The old adage that the more things change the more they stay the same probably should be revised when it comes to contract terms: the more things stay the same the worse they get.
Tim Cummins, CEO of the International Association for Contract & Commercial Management (IACCM), expressed that thought in a recent Commitment Matters blog post about the need for a rebalancing of contract terms, especially in the area of risk allocation.
“The unfairness of risk allocation in contracts is one I have encountered many times during discussions in recent weeks,” he writes. “There is a feeling that large corporations and major public sector bodies have become more risk averse and have used current economic conditions to exert their strength – liabilities, indemnities, IP rights, termination provisions, performance criteria and (in the corporate sector) payment terms have been areas of focus.”
These same organizations “think nothing of using their power to force unilateral renegotiation when conditions change,” Tim continues. “Overall, I think things have become worse.”
There’s a persistent belief that harsh, muscular terms will drive performance. For complicated or long-term relationships, “all the evidence points the other way … unfairness undermines loyalty and commitment, leading to poorer outcomes and therefore added risk.”
Recognition of this problem goes back more than 40 years. In 1968 the legal scholar Ian R. Macneil observed that most contracts are ill-equipped to address the reality of business needs. In Contracts: Instruments for Social Cooperation, he wrote that contracts are rooted in the classical approach to contract law and thus crafted to address transactions and legal protections such as pricing and price changes, service levels, limitation of liability, indemnification and liquidated damages.
Macneil was instrumental in developing a wider view of the contract, called relational contract theory. He contended that business-to-business contracts should be “instruments for social cooperation,” adding that contracts can be “governed efficiently only if the parties adopt a consciously cooperative attitude.” He said that contracts are rooted in relationships and activities that have a large context, rather than as the discrete transactions prescribed in a contract.
Macneil challenged lawyers to rethink their approach to business-to-business agreements and criticized the classic approaches to contract law.
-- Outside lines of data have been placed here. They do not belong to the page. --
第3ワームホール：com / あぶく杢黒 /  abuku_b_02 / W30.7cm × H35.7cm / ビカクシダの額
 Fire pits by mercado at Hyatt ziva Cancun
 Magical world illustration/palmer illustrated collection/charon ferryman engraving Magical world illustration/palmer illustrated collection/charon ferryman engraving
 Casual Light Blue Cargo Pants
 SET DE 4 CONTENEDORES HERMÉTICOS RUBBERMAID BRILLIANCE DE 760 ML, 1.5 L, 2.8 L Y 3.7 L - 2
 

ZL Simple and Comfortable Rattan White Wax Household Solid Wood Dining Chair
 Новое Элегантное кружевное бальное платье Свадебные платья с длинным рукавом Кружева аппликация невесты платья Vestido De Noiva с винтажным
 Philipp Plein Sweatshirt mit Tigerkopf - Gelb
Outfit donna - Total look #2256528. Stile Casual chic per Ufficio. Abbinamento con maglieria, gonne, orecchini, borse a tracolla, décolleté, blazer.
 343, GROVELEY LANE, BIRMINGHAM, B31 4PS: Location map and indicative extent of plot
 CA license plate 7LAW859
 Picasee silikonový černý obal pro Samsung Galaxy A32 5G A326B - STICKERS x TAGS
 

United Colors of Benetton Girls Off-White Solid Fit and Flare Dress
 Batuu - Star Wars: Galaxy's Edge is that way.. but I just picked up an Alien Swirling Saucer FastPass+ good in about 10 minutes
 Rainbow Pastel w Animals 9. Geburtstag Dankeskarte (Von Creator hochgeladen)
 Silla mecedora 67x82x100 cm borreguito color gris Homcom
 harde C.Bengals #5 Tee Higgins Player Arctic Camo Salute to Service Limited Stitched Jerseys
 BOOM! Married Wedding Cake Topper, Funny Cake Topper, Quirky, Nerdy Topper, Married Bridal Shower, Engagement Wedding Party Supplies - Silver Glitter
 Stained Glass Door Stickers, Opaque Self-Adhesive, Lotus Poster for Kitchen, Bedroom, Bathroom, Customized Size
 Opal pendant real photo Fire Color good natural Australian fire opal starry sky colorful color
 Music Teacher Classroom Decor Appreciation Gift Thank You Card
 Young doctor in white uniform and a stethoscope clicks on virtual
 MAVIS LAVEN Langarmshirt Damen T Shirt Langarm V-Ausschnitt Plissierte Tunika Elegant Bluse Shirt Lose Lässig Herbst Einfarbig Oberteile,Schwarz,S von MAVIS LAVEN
That rethinking really has not occurred in a comprehensive way. An April 2010 study by the IACCM concluded that contract terms remain mired in the classical legal approach of contract law, focusing almost exclusively and hierarchically on pricing, limiting liability, indemnification, service and transaction levels, risk mitigation, and liquidated damages.
Though Tim says things are worse he also sees some light end of the tunnel. “I have the impression that an increasing number of organizations are starting to question their approach. This is leading to a number who have renounced liquidated damages; some who are questioning how they can be more intelligent in protecting (and exploiting IP); others who are looking for shared approaches to governance through better change provisions, escalation procedures and added flexibility through mechanisms such as ‘hardship clauses’. I believe the door is opening for those suppliers who engage early and demonstrate their capabilities and commitment to deliver.”
The Vested Outsourcing Manual addresses this longstanding contracting problem by changing the way companies and service providers interact. Job one is collaboration and a non-adversarial mindset in which the parties sit with each other at the conference table and jointly discuss their intentions, objectives and Desired Outcomes before they think about final contract terms.
I heartily agree with Tim that “relationships that extend beyond a few transactions will always depend on trust and cooperation. Failure to establish and sustain these characteristics will always result in degraded performance and missed opportunities.”
A Vested Outsourcing partnership is based on trust, cooperation and contracts that are real, sustainable and aligned for the long-term win-win.